I find it odd the rust community feels the need to reimplement tried and tested APIs in "pure safe Rust". Like no other language has better C integration, and we have had cross-platform windowing libraries since like the 90's, why does everyone reach for a brand new unstable libraries with less maintainer support?Edit: replying to https://tritium.legal/blog/desktop, not the OP
staticassertion|16 days ago
AFAIK people 100% are using other libraries for UI, but often use a macro or something to force Rust to behave in a way that those libraries expect.
I haven't read about this in literally years, but that's my recollection.
duped|16 days ago
Also, we don't have good cross platform desktop GUI libraries in C. That's why everyone started using Electron.

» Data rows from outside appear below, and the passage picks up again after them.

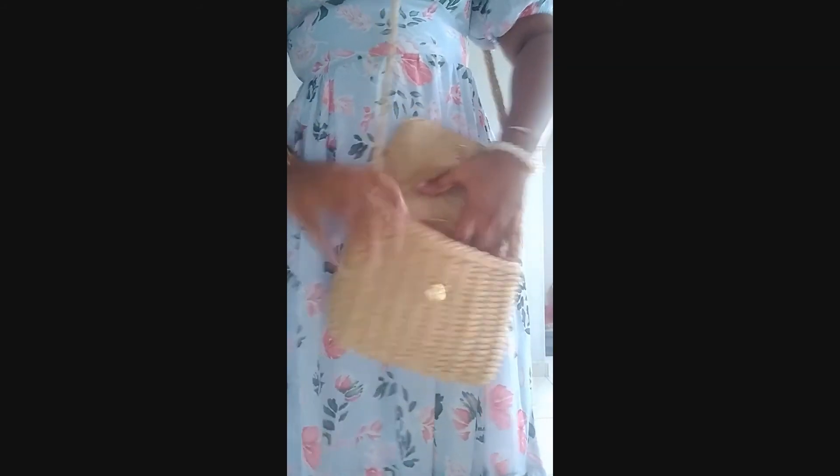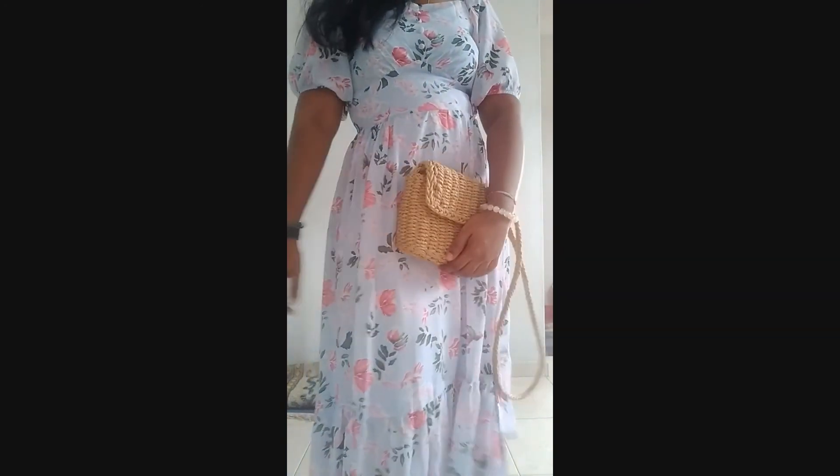Moving on to accessories — bags and shoes. The first bag is a woven-style sling bag from the brand Rubi. I always go to Rubi on Zalora for very trendy accessories, bags, and shoes that are very affordable and always on sale. This bag is properly lined with space for your phone and essentials. I don't have anything like this in my collection yet. I actually planned to use it for a trip to Langkawi last April, but that didn't happen.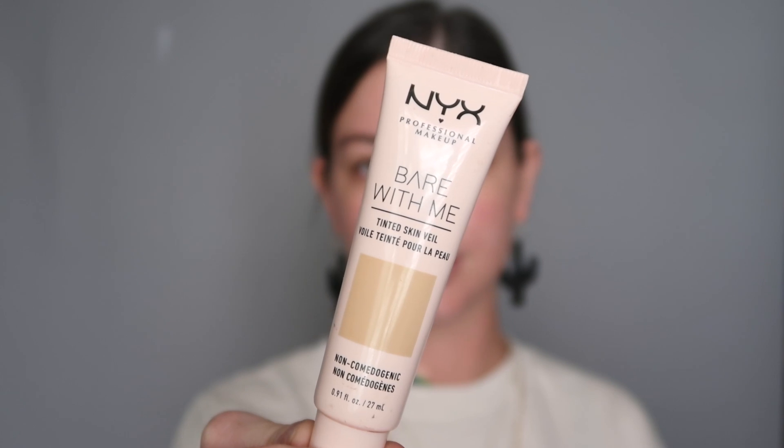It is really hot. I don't want to go in with a full coverage foundation, so I really love a tinted moisturizer in June. This is the NYX Bear With Me Tinted Skin Veil. If you've been looking for a tinted moisturizer or a really light foundation, this one is great. I also like the Laura Mercier one — this one is more affordable and it's not as dewy. I prefer just using my fingers for this product. I just rub it in like moisturizer — you can see it evens everything out.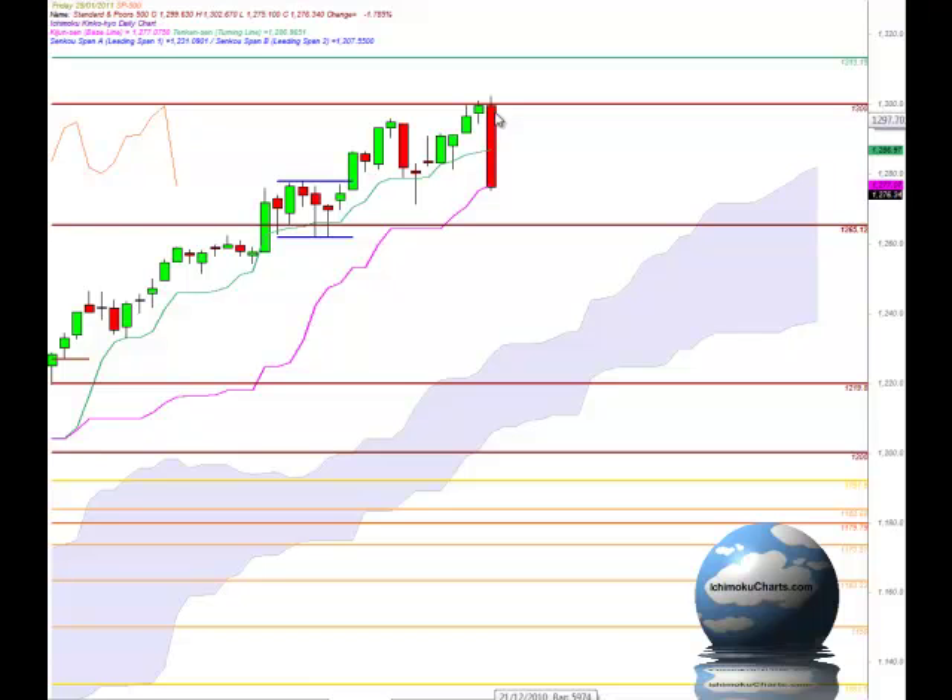In candlestick terms this is also a bearish engulfing candle, and very significant because not only has it engulfed the previous candle but it has engulfed one, two, three, four of the previous candles. So that's very, very significant.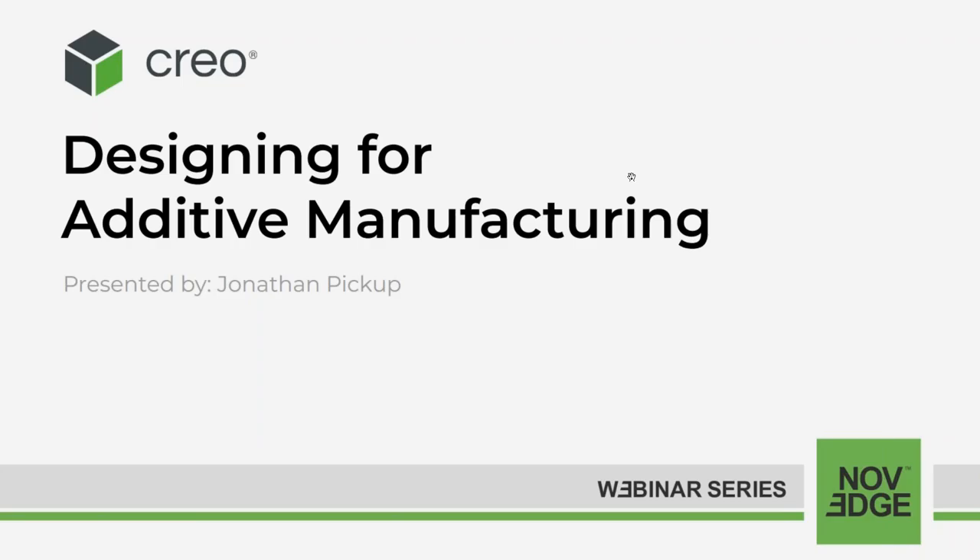Hello everyone, welcome to today's Novege webinar: Designing for Additive Manufacturing. Optimize and design for additive manufacturing using PTC CREO.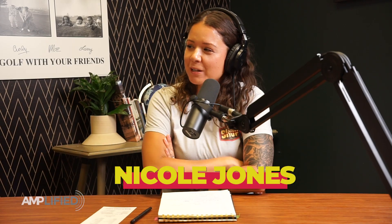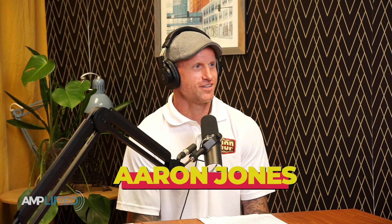Hello, I am Nicole Jones and this is Aaron Jones from the Repair Company Shop. Hello, thanks for having us on. Thanks Amplified for the opportunity to come on and talk a little bit about who we are and what we do. So Aaron, do you want to tell us a little bit about the Repair Company Shop?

(*) with some small exceptions
jauntywundrkind|16 days ago
I find it odd the broader hacker community feels the need to requestion and cross-examine every choice for using rust. Like, no other language has such great just works ergonomics, with a solid language, fantastic tooling, excellent packages that gives it a just works the first time cross-platform joy. Why does every thread have to spawn a brand new unsupported whinge throwing dirt at what seems like such an obvious enjoyable choice?
saghm|16 days ago
nmilo|16 days ago
drnick1|16 days ago
Then there is the issue that the Rust community likes to rewrite classic C programs because of "memory safety" and "modern tooling," but really just focuses on the easy 80% of the work. It feels like these rewrites are more done to gain popularity on GitHub than anything, as they most often remain incomplete and never replace the original implementation.
Finally there is the GPL to MIT licensing issue, on which much has been said already.